We validated the fabricated diffractive camera design using a THz continuous wave scanning system. The phase values of the diffractive layers were first converted into height maps using the refractive index of the 3D printer material. Then, the layers were printed using a 3D printer (Pr 110, CADworks3D). A layer holder that sets the positions of the input plane, output plane, and each diffractive layer was also 3D printed (Objet30 Pro, Stratasys) and assembled with the printed layers. The test objects were 3D printed (Objet30 Pro, Stratasys) and coated with aluminum foil to define the transmission areas.
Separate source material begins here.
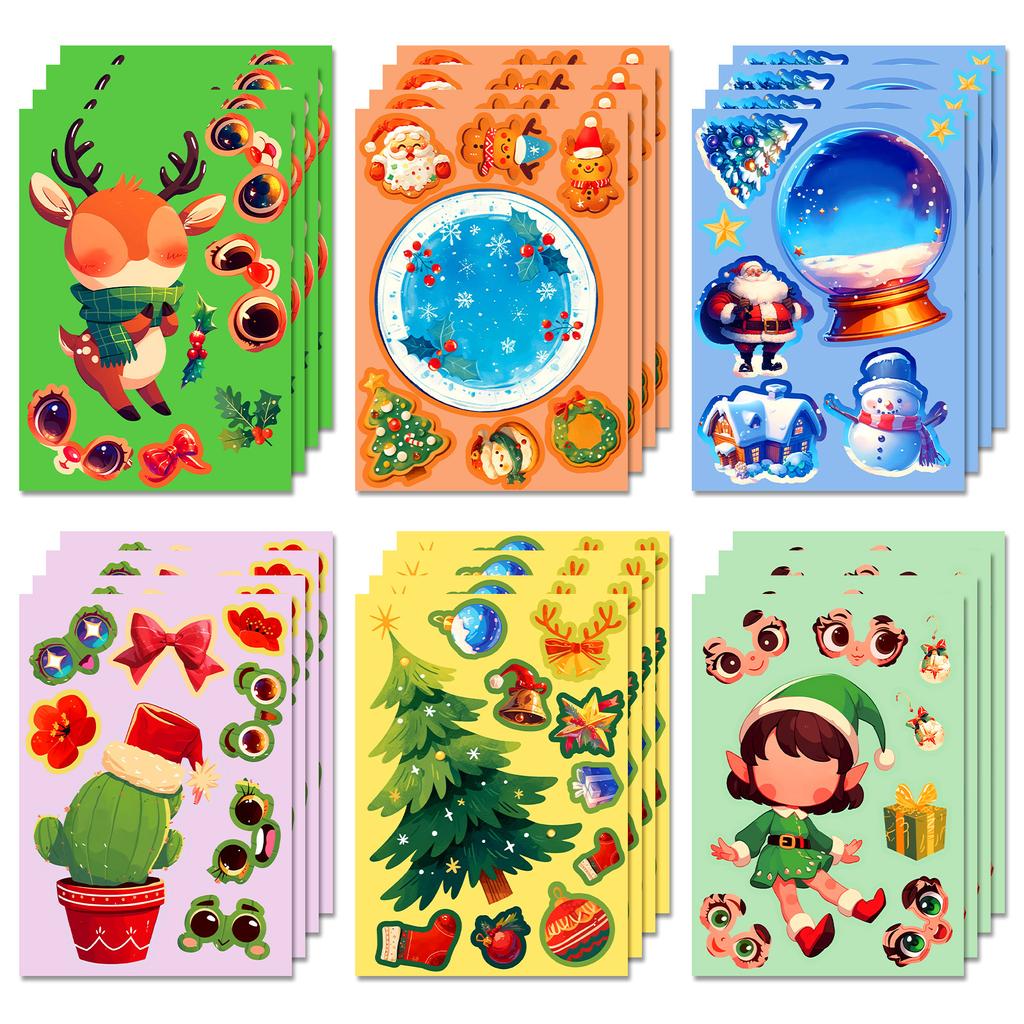 6 Pack Christmas Creative Diy Puzzle Face Changer Sticker Elk Crystal Ball Elf Game Guka Collage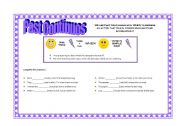 English Worksheet: Past Continuos with WHEN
The experimental setup is illustrated in Fig. 7a. The THz source used in the experiment was a WR2.2 modular amplifier/multiplier chain (AMC) with a compatible diagonal horn antenna (Virginia Diode Inc.). The input of AMC was a 10 dBm RF input signal at 11.1111 GHz (*f*_{RF1}) and after being multiplied 36 times, the output radiation was at 0.4 THz. The AMC was also modulated with a 1 kHz square wave for lock-in detection. The output plane of the diffractive camera was scanned with a 1 mm step size using a single-pixel Mixer/AMC (Virginia Diode Inc.) detector mounted on an XY positioning stage that was built by combining two linear motorized stages (Thorlabs NRT100). A 10 dBm RF signal at 11.083 GHz (*f*_{RF2}) was sent to the detector as a local oscillator to down-convert the signal to 1 GHz. The down-converted signal was amplified by a low-noise amplifier (Mini-Circuits ZRL-1150-LN+) and filtered by a 1 GHz (± 10 MHz) bandpass filter (KL Electronics 3C40-1000/T10-O/O). Then the signal passed through a tunable attenuator (HP 8495B) for linear calibration and a low-noise power detector (Mini-Circuits ZX47-60) for absolute power detection. The detector output was measured by a lock-in amplifier (Stanford Research SR830) with the 1 kHz square wave used as the reference signal. Then the lock-in amplifier readings were calibrated into linear scale. A digital 2 × 2 binning was applied to each measurement of the intensity field to match the training feature size used in the design phase.